Data excerpts:
▶
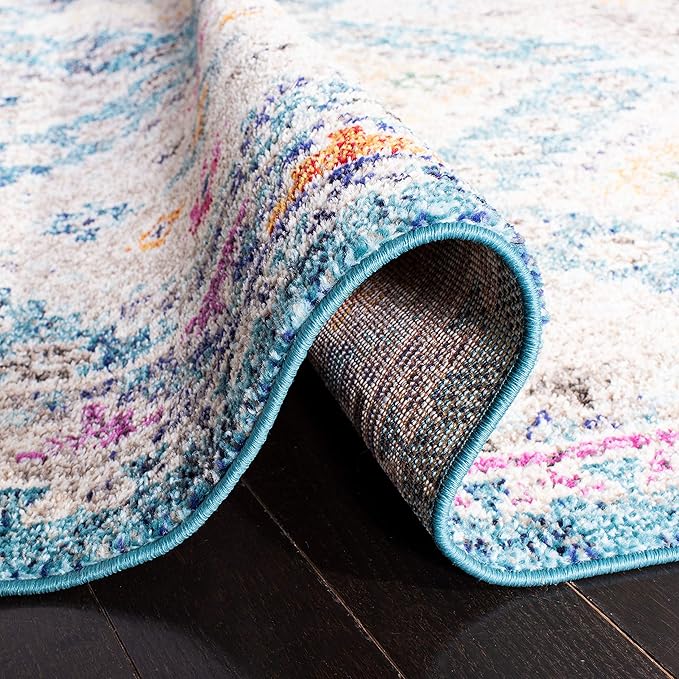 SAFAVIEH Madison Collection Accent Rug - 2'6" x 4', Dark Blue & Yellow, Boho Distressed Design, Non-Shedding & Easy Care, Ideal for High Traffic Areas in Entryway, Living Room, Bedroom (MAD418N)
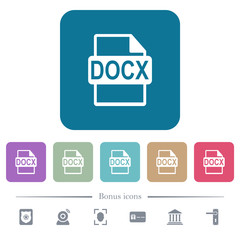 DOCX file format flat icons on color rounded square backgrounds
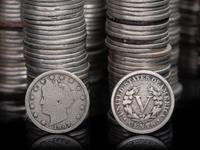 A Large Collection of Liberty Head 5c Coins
◀
▶
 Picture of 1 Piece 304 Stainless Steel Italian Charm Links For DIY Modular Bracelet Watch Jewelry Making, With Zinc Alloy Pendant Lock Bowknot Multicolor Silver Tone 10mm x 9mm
◀
▶
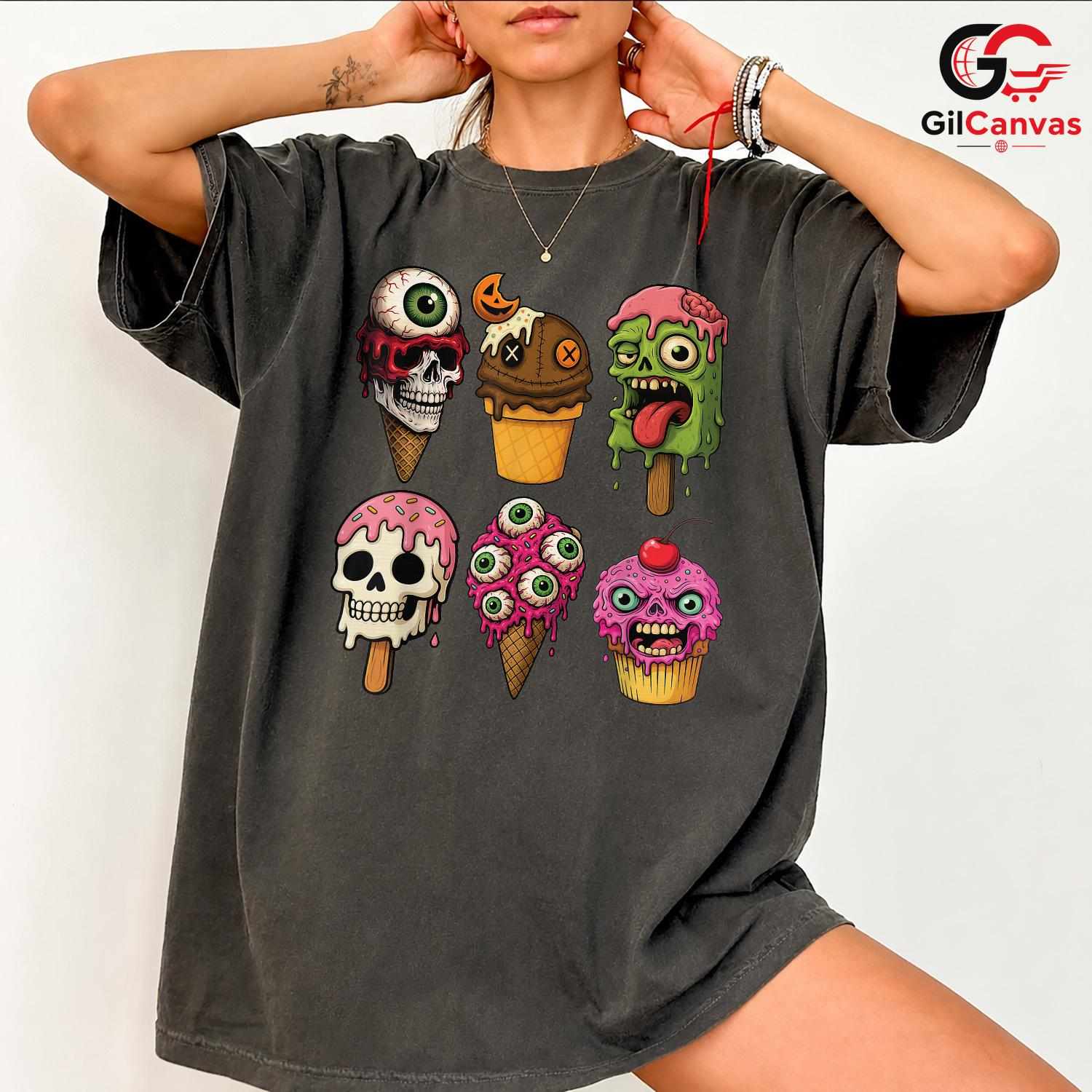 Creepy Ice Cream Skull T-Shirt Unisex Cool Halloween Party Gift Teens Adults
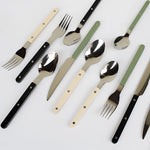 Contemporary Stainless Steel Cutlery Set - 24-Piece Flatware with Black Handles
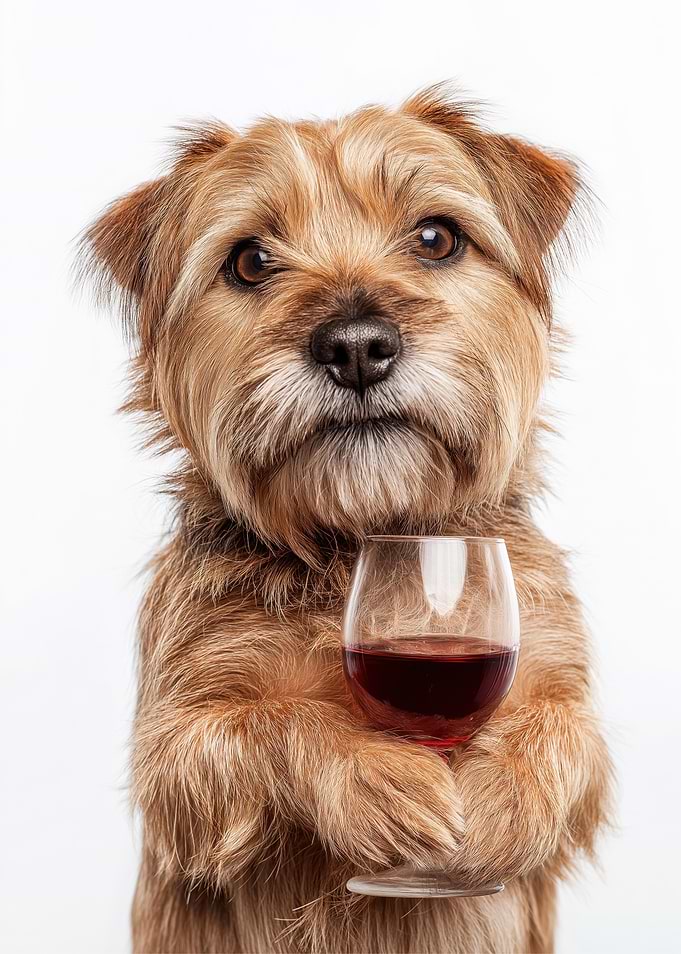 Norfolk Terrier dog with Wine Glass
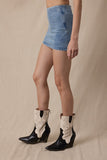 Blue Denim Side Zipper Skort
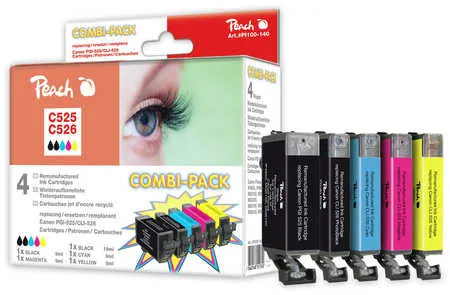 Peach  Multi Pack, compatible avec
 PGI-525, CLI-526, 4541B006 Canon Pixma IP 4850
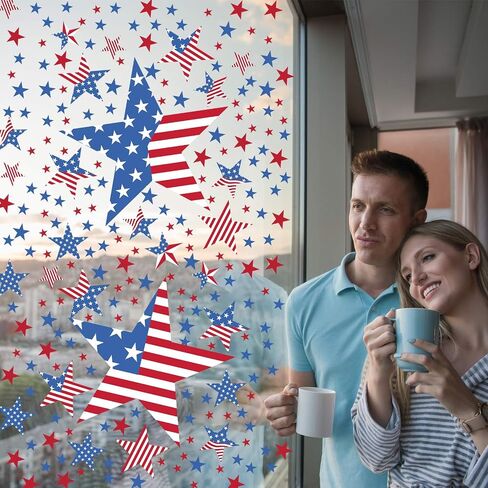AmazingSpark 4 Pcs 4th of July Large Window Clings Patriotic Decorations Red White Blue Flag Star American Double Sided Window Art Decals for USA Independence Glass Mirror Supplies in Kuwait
◀
Your objective:
Taking the entries above, copy word for word the lines from the one with "Norfolk Terrier dog with Wine Glass" up to and including the one with "AmazingSpark 4 Pcs", without any picture.

Exercise result:
 Norfolk Terrier dog with Wine Glass
 Blue Denim Side Zipper Skort
 Peach  Multi Pack, compatible avec
 PGI-525, CLI-526, 4541B006 Canon Pixma IP 4850
AmazingSpark 4 Pcs 4th of July Large Window Clings Patriotic Decorations Red White Blue Flag Star American Double Sided Window Art Decals for USA Independence Glass Mirror Supplies in Kuwait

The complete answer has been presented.